James D. Isaak received his B.S. in Computer Studies and his M.S.E.E. in Computer Engineering (1972) from Stanford University. He is a Senior Member of the IEEE, and has been a member of the IEEE Computer Society since 1971. He led the POSIX standards effort from 1984 through 1994, as work expanded to 30 projects with involvement by over 500 volunteers.
In addition to his work as Director for Information Infrastructure Standards at Digital Equipment Corporation which entails standards leadership, strategies and “evangelism” from China to Europe, he also worked in startups and major vendors in operating systems development, software services, management, product management and strategic planning.

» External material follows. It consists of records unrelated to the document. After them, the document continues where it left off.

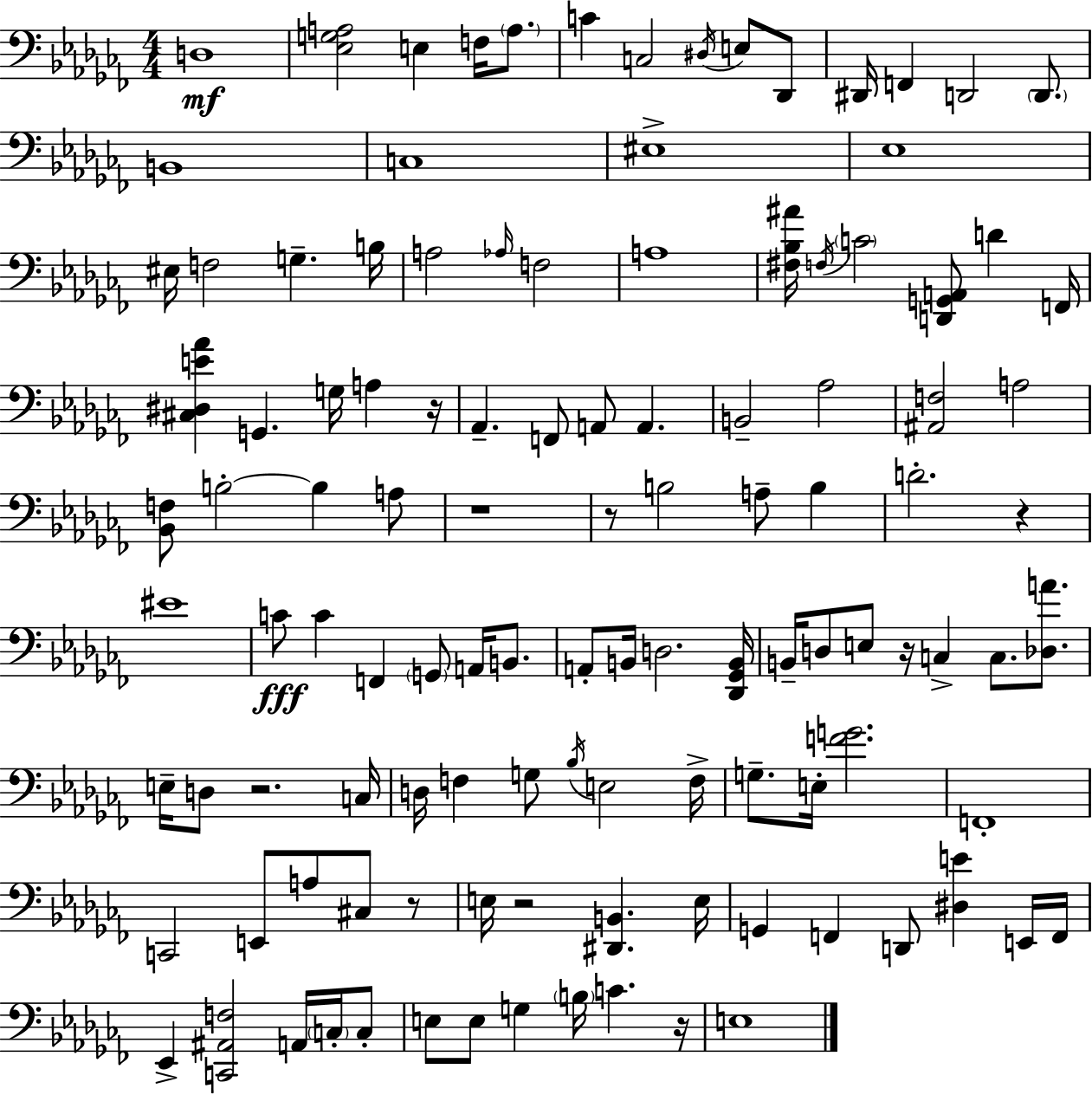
D3/w [Eb3,G3,A3]/h E3/q F3/s A3/e. C4/q C3/h D#3/s E3/e Db2/e D#2/s F2/q D2/h D2/e. B2/w C3/w EIS3/w Eb3/w EIS3/s F3/h G3/q. B3/s A3/h Ab3/s F3/h A3/w [F#3,Bb3,A#4]/s F3/s C4/h [D2,G2,A2]/e D4/q F2/s [C#3,D#3,E4,Ab4]/q G2/q. G3/s A3/q R/s Ab2/q. F2/e A2/e A2/q. B2/h Ab3/h [A#2,F3]/h A3/h [Bb2,F3]/e B3/h B3/q A3/e R/w R/e B3/h A3/e B3/q D4/h. R/q EIS4/w C4/e C4/q F2/q G2/e A2/s B2/e. A2/e B2/s D3/h. [Db2,Gb2,B2]/s B2/s D3/e E3/e R/s C3/q C3/e. [Db3,A4]/e. E3/s D3/e R/h. C3/s D3/s F3/q G3/e Bb3/s E3/h F3/s G3/e. E3/s [F4,G4]/h. F2/w C2/h E2/e A3/e C#3/e R/e E3/s R/h [D#2,B2]/q. E3/s G2/q F2/q D2/e [D#3,E4]/q E2/s F2/s Eb2/q [C2,A#2,F3]/h A2/s C3/s C3/e E3/e E3/e G3/q B3/s C4/q. R/s E3/w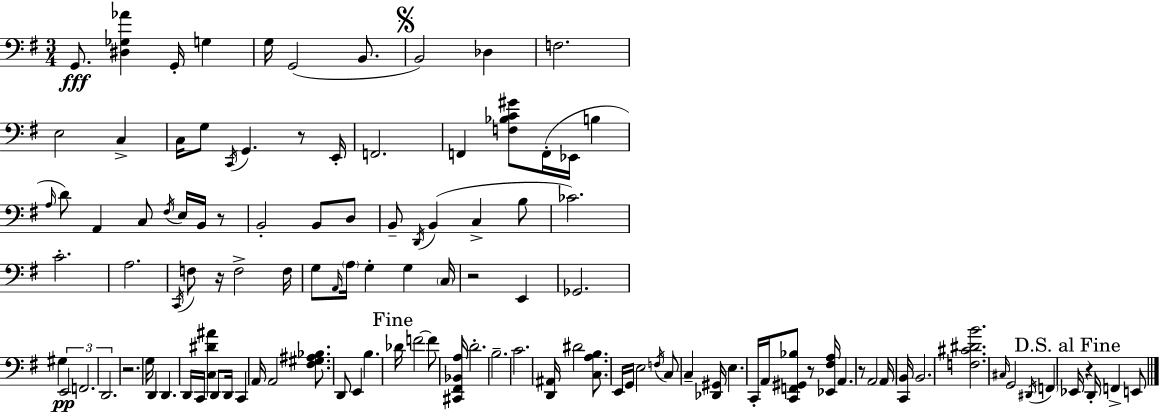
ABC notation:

X:1
T:Untitled
M:3/4
L:1/4
K:Em
G,,/2 [^D,_G,_A] G,,/4 G, G,/4 G,,2 B,,/2 B,,2 _D, F,2 E,2 C, C,/4 G,/2 C,,/4 G,, z/2 E,,/4 F,,2 F,, [F,_B,C^G]/2 F,,/4 _E,,/4 B, A,/4 D/2 A,, C,/2 ^F,/4 E,/4 B,,/4 z/2 B,,2 B,,/2 D,/2 B,,/2 D,,/4 B,, C, B,/2 _C2 C2 A,2 C,,/4 F,/2 z/4 F,2 F,/4 G,/2 A,,/4 A,/4 G, G, C,/4 z2 E,, _G,,2 ^G, E,,2 F,,2 D,,2 z2 G,/4 D,, D,, D,,/4 C,,/4 [C,^D^A] D,,/2 D,,/4 C,, A,,/4 A,,2 [^F,^G,^A,_B,]/2 D,,/2 E,, B, _D/4 F2 F/2 [^C,,^F,,_B,,A,]/4 D2 B,2 C2 [D,,^A,,]/4 ^D2 [C,A,B,]/2 E,,/4 G,,/4 E,2 F,/4 C,/2 C, [_D,,^G,,]/4 E, C,,/4 A,,/4 [C,,F,,^G,,_B,]/2 z/2 [_E,,^F,A,]/4 A,, z/2 A,,2 A,,/4 [C,,B,,]/4 B,,2 [F,^C^DB]2 ^C,/4 G,,2 ^D,,/4 F,, _E,,/4 z D,,/4 F,, E,,/2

In the past, Mr. Isaak tested the early PC software market with a genealogy package, authored numerous articles on open systems, including a piece on the “Information Highway” published in the October 1978 issue of Computer. He also coauthored the recently-published, Open Systems Handbook (IEEE Standards Press) and served as editor of a standard family history and genealogy to be published later this year.
Among his many accomplishments, Mr. Isaak initiated the IEEE SCC33 Standards Coordinating Committee for the Information Infrastructure, and is active in the ANSI Information Infrastructure Standards Panel (IISP). In addition, he is the convener of the ISO/IEC JTC1/SC22/WG15 POSIX effort and member of: the associated ISO/IEC SC22 Committee, IEEE Standards Board, the Cross Industry Working team (XIWT), alternate on the NIIT Board of Directors and ACM. James Isaak is the recipient of the IEEE Computer Society Outstanding Contribution Award, “for outstanding technical achievement in development of POSIX Standard P1003,” the POSIX Pioneer and the Stanford Computing Pioneer certificates.
Jim would like to thank his wife of 26 years Leonora Isaak, and daughters Michelle and Elaine, for their patience and understanding with the substantial amount of work and travel that is entailed in standards participation. Elaine is the one that decide “POSIX” STOOD OR “Persons Opposed to Scarlet Indigenous Xylophones” after the Nth time someone asked her what his personalized license plate stood for.